98% des entreprises du bâtiment emploient actuellement moins de 20 salariés. Et les marchés publics représenteraient aujourd’hui 15% des activités de ces PME. Pour au moins atténuer le coup de bambou, ces entreprises demandent donc un seuil de 50 millions d’euros sur trente ans, en dessous duquel la procédure ne changerait pas. Ce type de seuil existe en Grande-Bretagne, où la procédure est extrêmement fréquente.

Les projets des architectes enfouis dans les dossiers

La solution du seuil est également prônée par les architectes. Ceux-ci répètent sans cesse qu’ils ne se battent pas contre les PPP «qui peuvent être de bonnes procédures ailleurs que dans le bâtiment», mais contre leur banalisation. «Cette généralisation est une bombe fiscale à retardement. Le contrat global masque l’endettement. Les investissements n’apparaissent plus dans les dettes, mais dans le montant du loyer. C’est une mystification comptable. Au bout, cela coûtera plus cher qu'en passant par de la commande publique», accuse l’Ordre des architectes.

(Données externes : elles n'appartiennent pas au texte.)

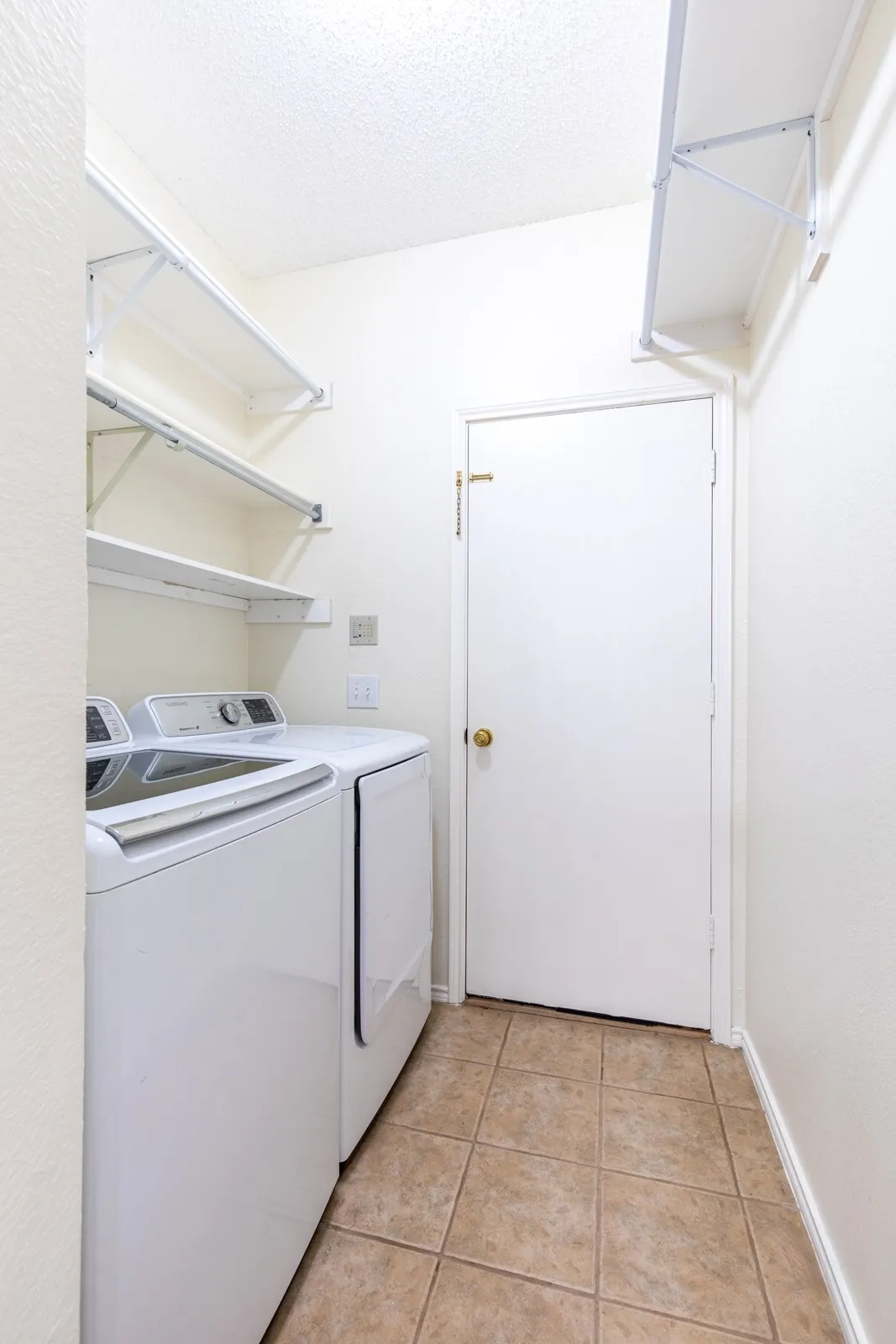 Laundry room with built-in shelving and washer/dryer that conveys.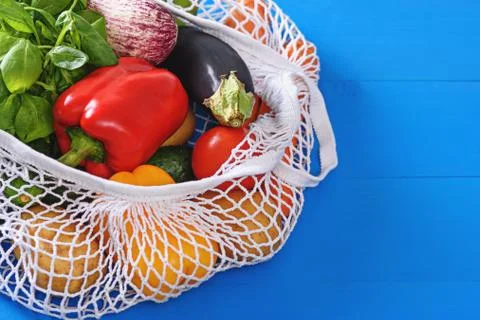 Vegetables in white string bag, crops on blue background, natural organic foo Stock Photos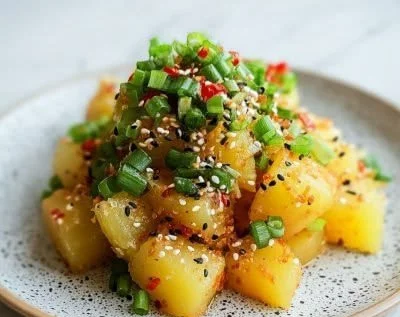 Bowl of creamy Korean Potato Salad with vegetables and mayonnaise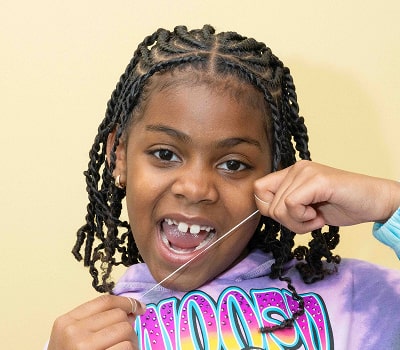 A girl is happily flossing her teeth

Les députés s’alarment par exemple de l’état de certaines universités. Et objectent aux architectes le fait qu'au moins, le PPP prévoit la maintenance des bâtiments. «La maintenance, c’est un autre problème, rétorque l'Ordre. Effectivement, il faut le régler. Mais pas en mélangeant tout. Ce peut être l’objet d’un autre contrat, et cela coûtera d'ailleurs moins cher aux collectivités que si c'est fait dans le cadre des PPP.»

Surtout, les architectes craignent que leur rôle ne s'amenuise. «Jusqu’à présent, dans les procédures classiques, on était au service du public. A présent, l’architecte sera un élément parmi d’autres, dont le loyer. On comparera des choses qui ne sont pas comparables. En Grande-Bretagne, ces procédures ont conduit à une grande pauvreté architecturale.»

Les architectes demandent donc à ce que leurs projets continuent d'être l'objet d’un concours avant le reste de la commande. «Afin que le maire choisisse un projet pour le public, un service public. Et que ce ne soit pas une entreprise privée qui nous cantonne à des projets au rabais. Le maître d’œuvre, ce doit être l’élu. Il doit prendre ses responsabilités dans l’aménagement de l’espace public.» Les députés maires seront-ils sensibles à cet argument? Rien n'est moins sûr.